New research documents how arbitrators and companies compete to win companies’ business.
It may be in the boilerplate on your contract with a phone company, bank, or brokerage.
The “mandatory arbitrator” clause is found in contracts worth trillions of dollars. It says that if you ever have a dispute, you will agree to waive your right to sue the company and submit your complaint to a private arbitrator who is supposed to be neutral.
Nearly all financial firms insist on arbitration. But so do many other businesses: AT&T, Verizon, Apple and Amazon, Blue Cross, Blue Shield, and even Spotify and Shazam.
A new analysis of nearly 9,000 arbitrations cases from the Securities Industry confirms what many people have suspected for a long time: that the system is biased towards consumers, and not only because big companies can afford to pay more lawyers.
The study found that companies can have an informational advantage regarding arbitrators. They can discover arbitrators more likely to be in their favor.

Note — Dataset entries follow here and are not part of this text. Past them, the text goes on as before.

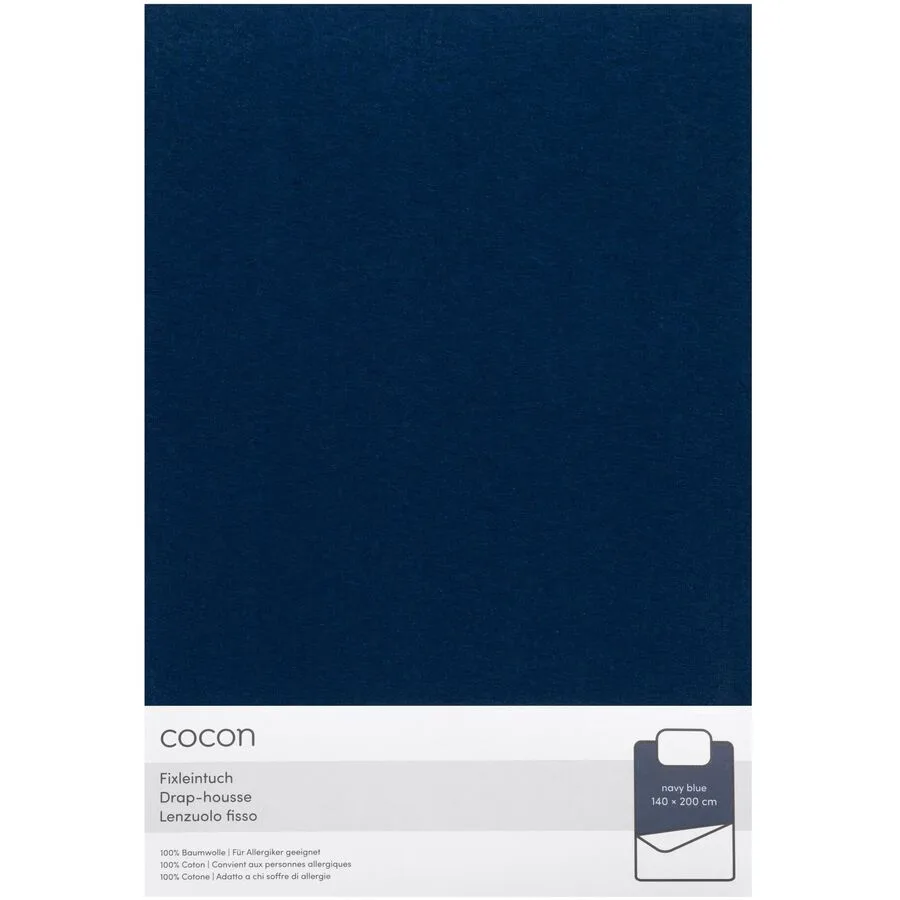 Fixleintuch COCON Marineblau Baumwolle 140 x 200 cm - Material: Jersey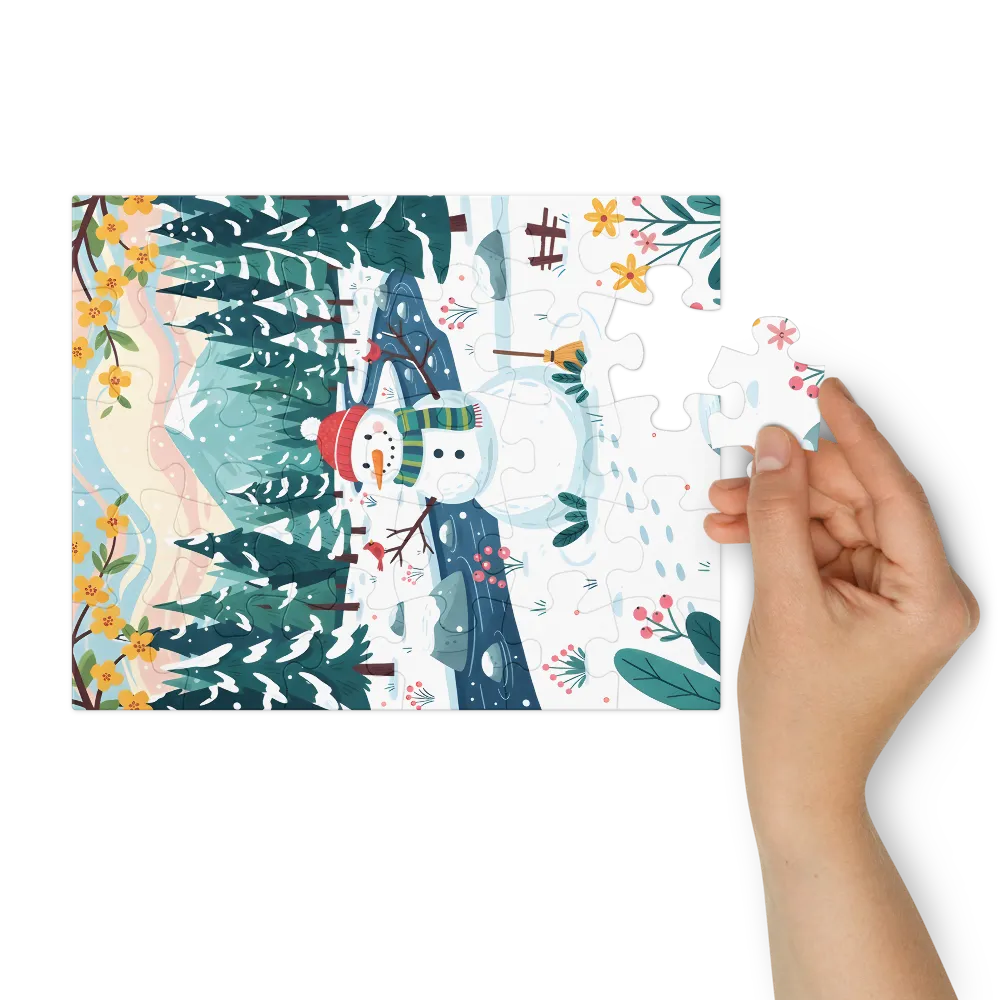 Snowman by the Stream 
 Jigsaw Puzzle in Tin Box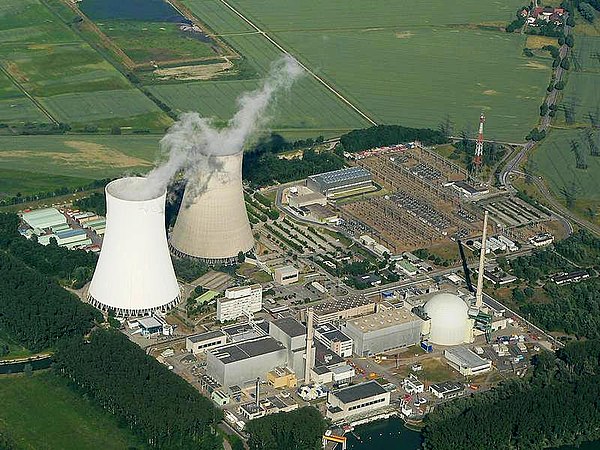 The cooling towers of the Philippsburg Nuclear Power Plant in Germany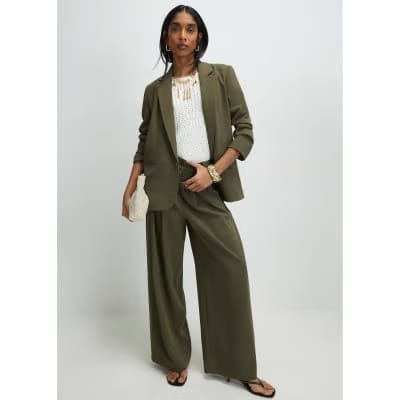 Green Long Sleeve Ruched Blazer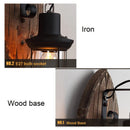 Axyaa Vintage Wood & Glass Wall Light for Cafe, Restaurant, Bar & Bedroom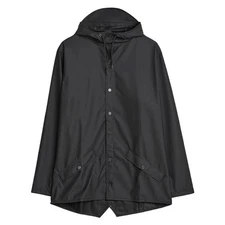 Rains Black Waterproof Hooded Rain Jacket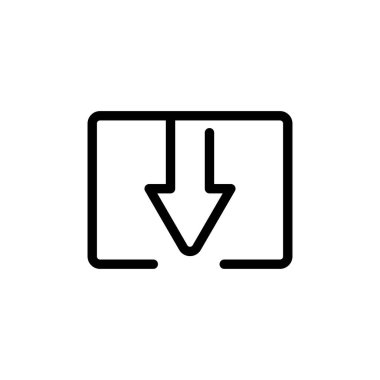 Dikdörtgenli aşağı ok simgesi vektörü. İndirme simgesi, ui-ux, web sitesi, başlat, piksel mükemmel. çizgi simgesi tarzı. Basit tasarım illüstrasyon düzenlenebilir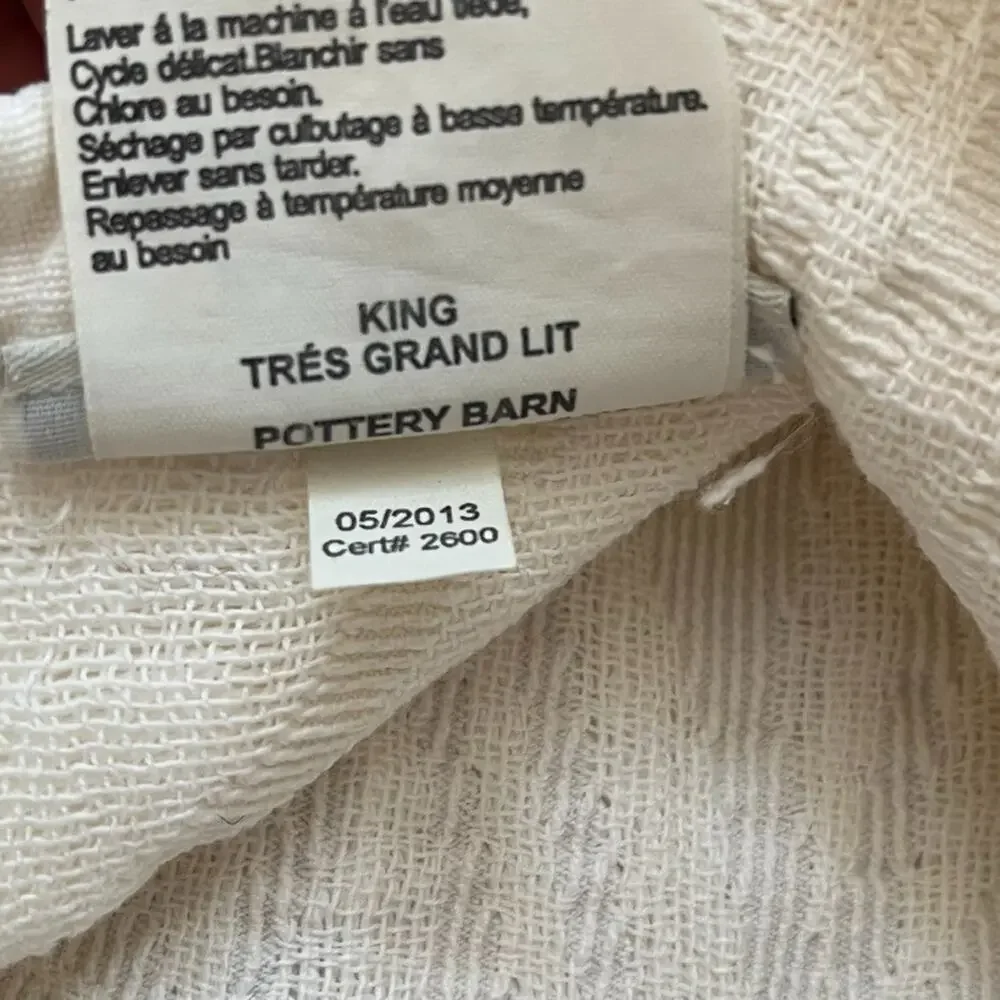 Pottery Barn Matelasse Euro & King Pillow Sham Cotton Ivory Textured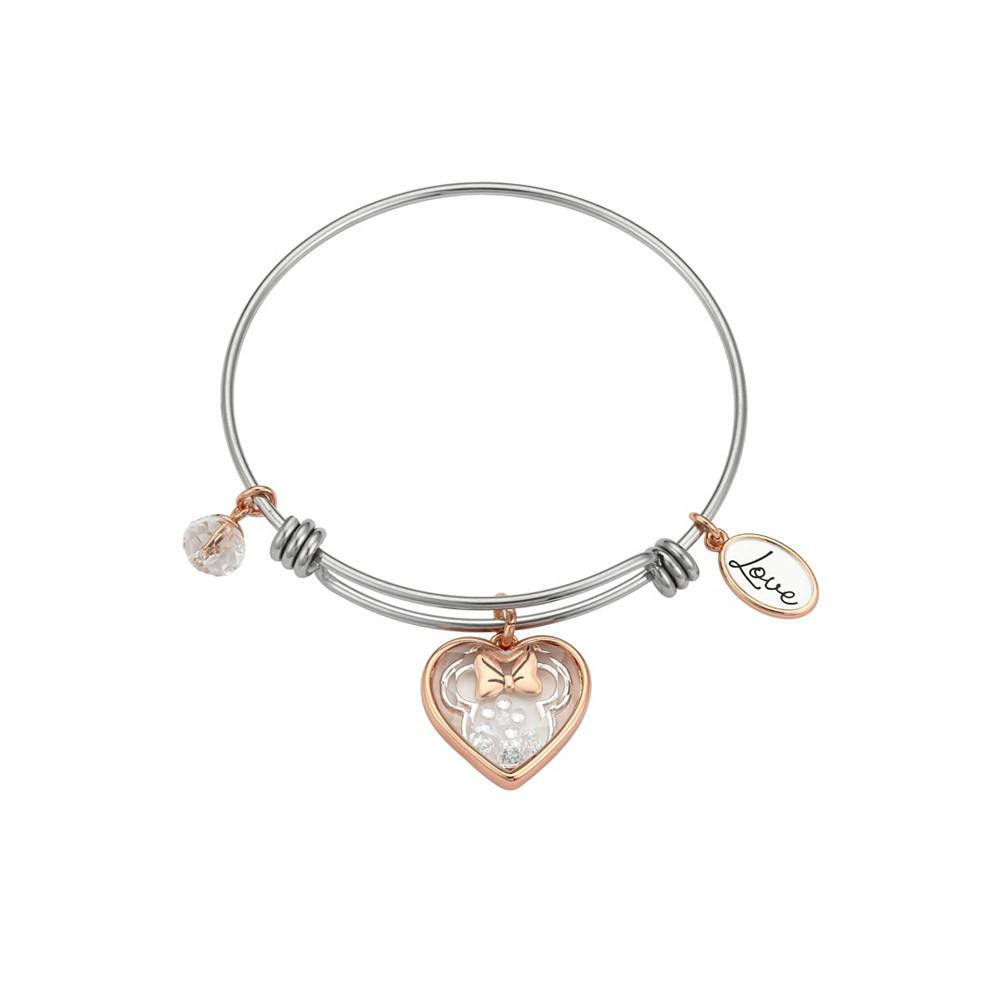 Crystal Minnie Mouse Stainless Steel Charm Bracelet (0.06 ct. t.w.) in 14K Gold Flash Plated商品第1张图片规格展示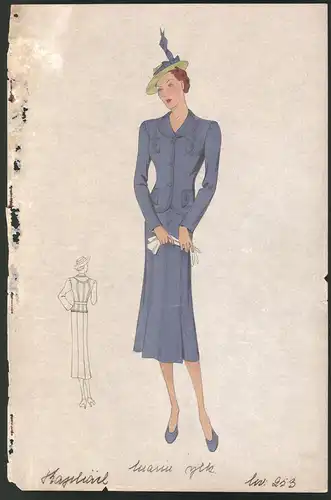 Modeentwurf Art Deco 1937, Model mit Hut im blauen Zweiteiler-Kleid, Lithographie Atelier Bachwitz, Wien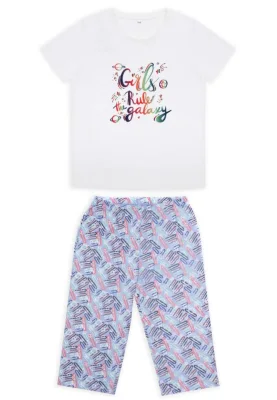 Pijama Dama Mâneca Scurtă și Pantaloni Trei Sferturi –Gril Rule,Engros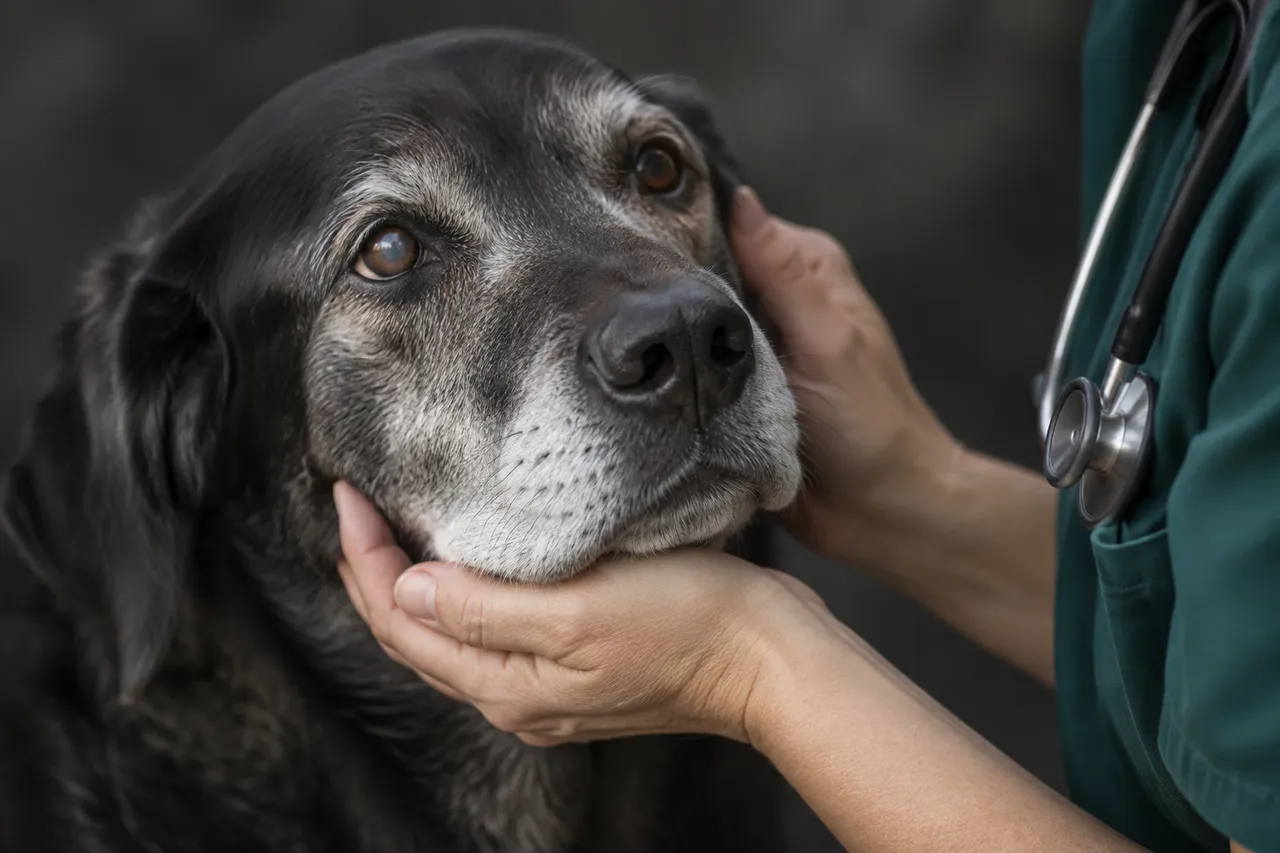 Un perro mayor de hocico canoso apoya la cabeza en las manos de una veterinaria con el fonendoscopio al cuello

Arbitrators know, too well, that being pro-business, in one case, increases their chances of being selected for future issues.
A Slanting Incentive
This is different from having judges who are paid the same regardless of what happens, says Stanford Graduate School of Business finance prof Amit Serut who worked on the study along with Mark Egan at Harvard Business School and Gregor Matvos at the University of Texas at Austin. You only get paid as an arbitrator if you are selected. They are motivated to lean toward the business side because they know those who do not will not be selected. “Everyone knows what’s going on.”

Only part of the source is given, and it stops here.